= Tom Lowe (radio) =

Thomas Edward Lowe (born 21 August 1975 in Bexley, London) is a radio broadcaster in the United Kingdom. Tom currently presents on BBC Radio Gloucestershire.

Tom started working for radio stations operating under a restricted service licence (RSL), including Thanet Local Radio (now KMFM Thanet), which was based in Ramsgate, Kent.

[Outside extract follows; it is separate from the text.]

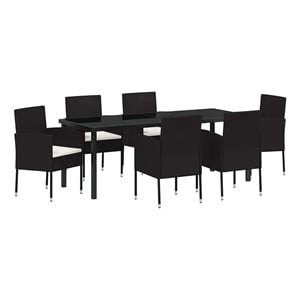 vidaXL Garden Dining Set 7 pcs Black Poly Rattan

In 1998, Tom joined the team at European Klassik Rock, a Pan-European satellite radio station broadcasting via the Astra 1C satellite from The Maidstone Studios in Kent, and presented the Friday evening show. Tom then presented on Radio Caroline, also at the time on Astra 1C and from The Maidstone Studios, in 1999, with a Saturday evening show that was also simulcast on 88.4FM The Breeze to the French and Italian Rivieras. He also appeared on WBCQ in America under the Radio Caroline banner with a pre recorded programme in 2000.

In the summer of 2001, Tom was heard presenting on 107.7 WFM in Weston-super-Mare (now Star 107.7).

Tom joined Star 107.5 in Cheltenham, in 2001 (broadcasting then as 107.5 Cat FM), presenting the weekday drivetime show. In addition, he also presented the Saturday breakfast show. In late 2003, Tom briefly took over the mid morning show for a year but, in late 2004, he returned to the drivetime show. During this time Tom also presented a weekday evening show on Star 107.7 and various shows on Star 107.9.

Tom presented on BBC Radio Gloucestershire on Saturdays until December 2011.